Sharing a Meal at the Table

Image result for claude monet woman reading
Claude Monet stans RISE

Although the Enlightenment and Romanticism are two eras which I had some knowledge of, taking this class has certainly cultivated a more complex and informed comprehension of what these two forces not only mean by themselves, but what they mean for each other. In other words, while I recognize the importance in treating these two periods of time as distinct breeding grounds for what grew to be two starkly different ideologies, I believe that a space exists where both find themselves in, where both find themselves intermingling with each other.

My belief that the Enlightenment and the Romantic period thus leads me to agree with both sides: while the need for a skeptical, individual intellectualism has proven to be instrumental in ushering forth a time of great discovery and reflection, the period of Romanticism allowed people more sentimental, metaphorical reprieve from such an attitude of intense pragmatism. In combining these two ideas, I don’t however necessarily believe that moderation is what produces the optimal, intellectual framework: Enlightenment ideals and Romantic ones don’t exist on a continuum, but are rather parallel processes, where the boundary of their parallelism becomes more or less permeable in specific areas.

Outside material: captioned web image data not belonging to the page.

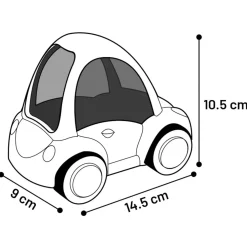 Flamingo Knaagdierenspeelgoed Bertrand Auto - Speelgoed - 14x9x11 cm Blauw Wit Zwart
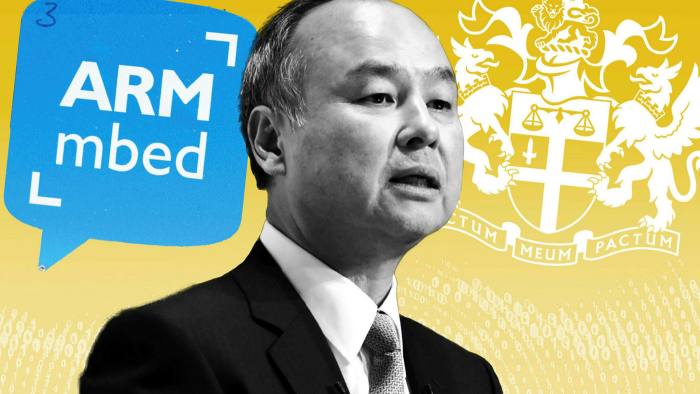 Illustration of Masayoshi Son and an Arm Holdings logo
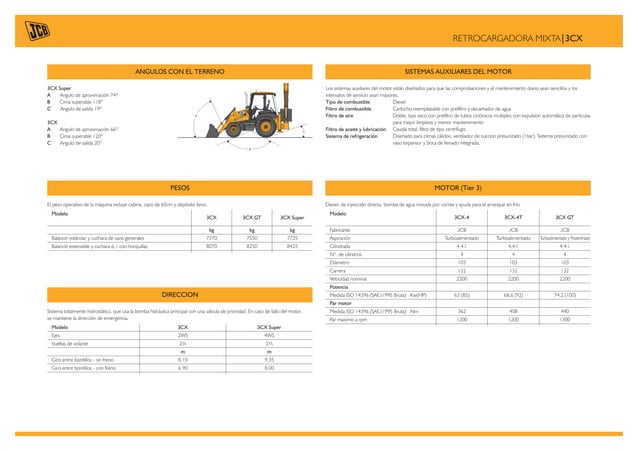 Ficha técnica retroexcavadora jcb 3 cx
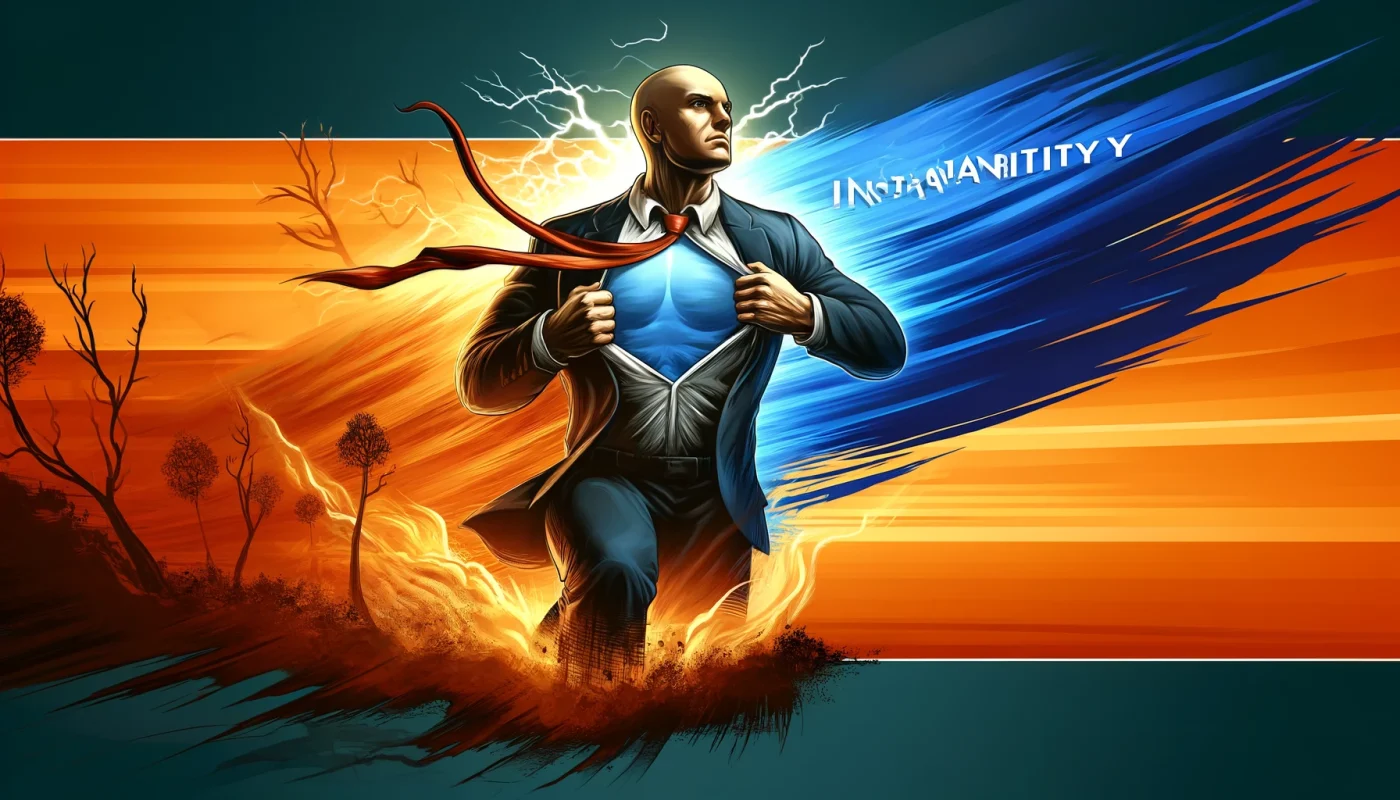 Ilustração dinâmica de um herói careca, simbolizando um empreendedor, em pose triunfante superando uma barreira abstrata que representa desafios nos negócios. Ele exibe uma expressão determinada. O fundo é energético, com elementos abstratos e cores vibrantes como azul e laranja, evocando mudança e dinamismo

From this evaluation of the importance in understanding how Enlightenment and Romanticism as not being diametric opposites, but are rather mental structures with a capacity to overlap, the compatibility between Enlightenment and Romanticism becomes evident. A commitment towards science and individualism allows for the clearer articulation of the organicist ideals clear in Romantic thought: everything must necessarily have life, but perhaps that ‘life’ can be interpreted as function, and every human being houses within themselves an intense realm of emotion, which cannot be denied by the Enlightened belief in oneself. An appreciation for the sentiments behind one’s actions, as well a the value of introspection can be realized in Enlightenment ideals as the fuel for why one reasons as they do, and the reassessment of one’s own beliefs, respectively.

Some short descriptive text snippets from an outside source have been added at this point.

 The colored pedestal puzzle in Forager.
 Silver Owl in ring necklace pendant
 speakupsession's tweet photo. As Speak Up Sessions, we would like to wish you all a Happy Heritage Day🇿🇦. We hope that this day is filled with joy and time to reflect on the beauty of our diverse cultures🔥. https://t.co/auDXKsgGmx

This confluence between the rigidity of the Enlightenment and the fluidity of Romantic ideals has impacted the way in which I view the Western World, and is something which will continue to inform the way I appraise literary and social movements not only there, but in all the world. When people boast an argument of impenetrable cogency, perhaps a consideration of their motivations behind developing such a claim is necessary in further appreciating their beliefs: in this way, Enlightened ideals are revealed to be underlain with a Romanticist impetus. When looking at a piece of art, say by Georges Seurat, a closer inspection of much of his repertoire consists of entire images composed by tiny dots: in this instance, it is observed how one’s aesthetic, Romantic experience of art exhibits a foundation in Enlightenment ideals through the “effort” of much tinier, organized and intended constituents, to build something of even greater organization.

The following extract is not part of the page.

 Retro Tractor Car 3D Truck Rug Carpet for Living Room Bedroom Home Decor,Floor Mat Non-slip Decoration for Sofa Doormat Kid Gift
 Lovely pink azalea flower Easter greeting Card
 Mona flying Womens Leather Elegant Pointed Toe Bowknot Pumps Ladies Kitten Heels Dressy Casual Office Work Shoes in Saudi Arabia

In undergoing the expansive and frustratingly rigorous work called upon us to complete, something which I’ve taken away, and continue to take away from preceding HUM courses, is the value in open-mindedness. This doesn’t necessarily mean relegating oneself to a state of false omniscience characterized by a complacent acceptance of all ideas, but the willingness to take a stance, but allowing other perspectives to have a recognized seat at the table. Enlightenment scholars and Romantics have equal license to partake in the same intellectual circles. HUM 4, and the HUM classes which have come before it, encourage an appreciation for not just one “person” partaking in this meal, but the event itself. There’s much to choose from, and perhaps a certain ideal may taste better to some, but there is value in knowing that others will have different preferences, and that yours–and theirs–may change.